Si stima che la perdita economica imputabile al cybercrime possa raggiungere nel 2020 i 3000 miliardi di dollari e che gli attacchi informatici possano interessare il 74% del volume degli affari mondiali.
Quella cibernetica è dunque la frontiera su cui si sta spostando sempre più e in misura più pervasiva la dinamica delle conflittualità tra Stati e tra soggetti.
Ancora una volta, contro ogni rischio di espropriazione del diritto da parte della tecnica, è proprio questa proiezione, nella dimensione digitale, dello Stato e della sua stessa sovranità a dimostrare come la protezione dati possa divenire presupposto di sicurezza, promuovendo quella resilienza indispensabile per la difesa della democrazia nel rispetto della sua identità e con mezzi, dunque, democratici.

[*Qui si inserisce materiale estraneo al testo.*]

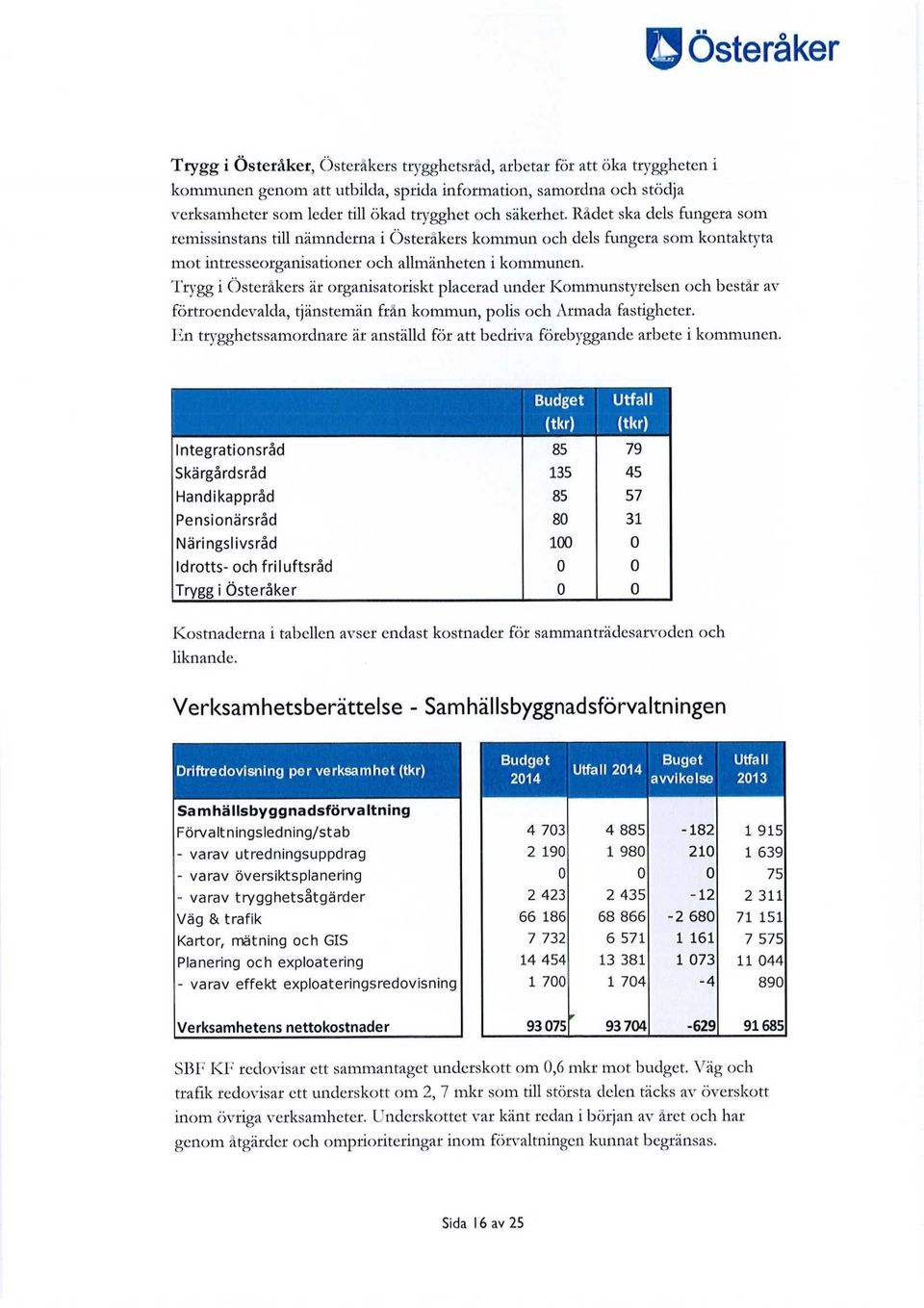 Trygg i Österåkers är organisatoriskt placerad under Kommunstyrelsen och består av förtroendevalda, tjänstemän från kommun, polis och Armada fastigheter.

E in proposito possiamo affermare di aver dimostrato, nel nostro Paese, come la disciplina di protezione dati, interpretata nel rispetto del canone di proporzionalità, risulti non già ostativa ma sinergica rispetto alla tutela della sicurezza nazionale.

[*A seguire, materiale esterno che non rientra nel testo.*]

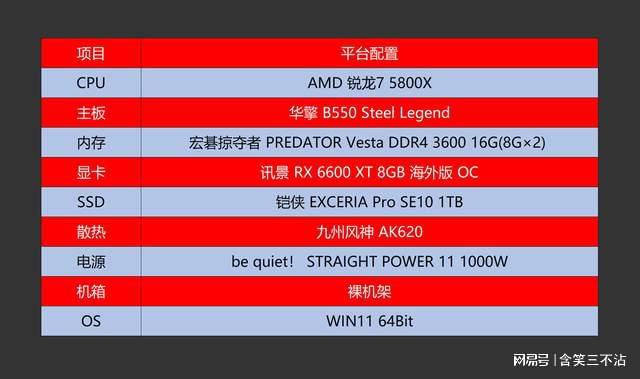 DDR2 667 vs 800：内存条选购全攻略  第8张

Tale circolarità tra protezione dati e democrazia spiega perché, proprio su questo terreno, l’Unione europea abbia inteso affermare la propria sovranità digitale, in senso assai diverso da quella rivendicata dalla Cina in chiave nazionalistico-autarchica ed egemonica: bensì per la garanzia dei diritti della persona rispetto a chiunque ne gestisca, con i suoi dati, l’identità.
Affermando così non la supremazia nazionale, ma la libertà, anche oltre quei confini territoriali superati dalla rete.
Ed è significativo che, in un mondo in cui riaffiorano crescenti spinte divisive anche rispetto a questioni (clima, nucleare, dazi ecc.) sulle quali si erano consolidate posizioni comuni e condivise, la disciplina della protezione dati rappresenti, invece, sempre più un fattore di aggregazione.
Il modello europeo costituisce, infatti, non soltanto un punto di riferimento cui si stanno progressivamente ispirando un numero crescente di ordinamenti, ma anche uno dei pochissimi campi nei quali l’Unione mantiene da tempo una posizione comune, che si sta peraltro dimostrando vincente nella governance della società digitale.
Gli stessi Usa hanno scoperto il nesso profondo che lega protezione dati e sovranità nazionale in occasione della vicenda Cambridge Analitica, essendosi accertato come molte delle comunicazioni personalizzate con inserzioni occulte, rese possibili da una disciplina della privacy troppo lacunosa, fossero riconducibili a potenze straniere, interessate a manipolare attraverso la rete il consenso elettorale.
Il condizionamento dei processi politici, da parte delle potenze straniere, mediante disinformazione e propaganda mirata in rete è stato vissuto come una “guerra mondiale dell’informazione” con una corsa agli armamenti che vede arsenali in continua evoluzione.
E se, in questo caso, la protezione dati è apparsa funzionale agli interessi nazionali e alla riaffermazione di una sovranità statuale soggetta a progressiva erosione, il presente e il futuro di questo diritto si giocano su altri orizzonti.
Quelli dell’affermazione progressiva della protezione dati come diritto universalmente tutelato, per restituire alla persona quella centralità che da tempo sembra aver perso.
Questo è il ruolo più significativo che l’Europa potrà giocare in un contesto geopolitico così fortemente segnato dal potere dell’algoritmo, ridisegnando, a partire dalla protezione dei dati, i confini del tecnicamente possibile alla luce di ciò che è giuridicamente ed eticamente accettabile.
Va in questa direzione il recente impegno delle istituzioni europee per un uso etico dell’intelligenza artificiale.
Celebrando la Giornata europea della protezione dei dati personali, ci piace pensare che se il valore di questo straordinario diritto riuscirà ad affermarsi anche in ordinamenti in cui l’ideologia del controllo sembra oggi aver ridotto la persona ad un fascio di informazioni illimitatamente acquisibili, allora – in questo tempo tanto complesso quanto affascinante – potrà dirsi vinta la più importante delle sfide lanciate all’idea di libertà dalla sinergia di tecnologia e potere.